Justin Verlander continued his vexing 2017 campaign with a decent outing, but again showcased the erratic command that has plagued him this season. Both he, and Blue Jays’ starter, Aaron Sanchez, were inefficient, but kept things clean through the first four innings.
Verlander allowed a solo shot to Steven Souza Jr. in the fifth, and that should have been all. Unfortunately, a routine drive to right off the bat of Kevin Pillar clanged off the heel of J.D. Martinez’ glove, leaving Pillar at second. After a groundout moved Pillar to third, Jose Bautista brought him home on a sacrifice fly to centerfield.
The Tigers answered back with a run of their own in the bottom half of the frame. Singles from Jose Iglesias and Alex Presley had runners on first and third when Alex Avila lined out to third baseman Josh Donaldson. Donaldson tried to double off Presley at first, but instead hit Presley. The ball skipped toward the stands, and Iglesias sauntered home to make it 2-1. However, the Tigers had already squandered several chances to get to Sanchez early, and they mustered nothing with the bats against the Blue Jays’ bullpen.
In the sixth, Verlander lost his rhythm after punching out Josh Donaldson, walking the next two hitters. Shane Greene came on and got a flyout and then a hard groundball that should’ve ended the inning. Nick Castellanos made a great diving stop, but Miguel Cabrera appeared to stumble covering first and couldn’t handle the one-hop throw. The bases were loaded, and after a long battle, Kevin Pillar drew a walk that put the Jays up 3-1 before Greene escaped the jam.

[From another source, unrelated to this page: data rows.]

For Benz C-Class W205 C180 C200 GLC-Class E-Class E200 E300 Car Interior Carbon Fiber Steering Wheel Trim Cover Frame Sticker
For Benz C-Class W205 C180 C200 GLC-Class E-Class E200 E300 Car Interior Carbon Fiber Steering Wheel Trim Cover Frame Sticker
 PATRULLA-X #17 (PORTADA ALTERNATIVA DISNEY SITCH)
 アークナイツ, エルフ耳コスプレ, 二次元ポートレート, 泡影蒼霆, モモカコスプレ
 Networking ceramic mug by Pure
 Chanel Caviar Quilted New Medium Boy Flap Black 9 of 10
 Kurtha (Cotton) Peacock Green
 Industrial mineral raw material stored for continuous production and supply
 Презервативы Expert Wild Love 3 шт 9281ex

Warwick Saupold came on in the seventh and promptly surrendered a solo shot to Jose Bautista. Saupold struggled to find the zone, laboring through a tough inning before getting the double-play ball he needed off the bat of Kendrys Morales to escape a one-out jam.
Blaine Hardy then came on and completely handed over the game to the Blue Jays. After getting one out in the 8th, Hardy surrendered a single, and then walked three of the next four hitters before crumbling entirely. Josh Donaldson’s two-run single ended Hardy’s night, and any chance of a Tigers’ comeback.
THE WALKS HAVE GOT TO STOP. This team is its own worst enemy. Pair that with total futility with runners on base, and the specter of teams pitching around Justin Upton to get to Miggy, and you’ve got another lousy night at the ballpark for Tigers’ fans.
Ballpark sunsets. pic.twitter.com/P04kPVRGkK— Mike Mulholland (@mulho2mj) July 15, 2017
Good job on that shot.
Justin Upton’s two singles and a walk were somewhat roar-worthy. Andrew Romine doubled and added a solo shot in the bottom of the ninth, filling in admirably for Ian Kinsler.
Blaine Hardy: No further explanation needed.
Miguel Cabrera: Another five LOBsters as the big man continues to struggle to produce with runners on.
Nick Castellanos: Made a few nice plays at third, but another listless 0-for-4 on the night.
Stats and Info
-Ten walks from Tigers’ pitching tonight set a new season high. It marked the fourth game in which the staff has walked eight or more hitters. The high times are over, Rich Dubee.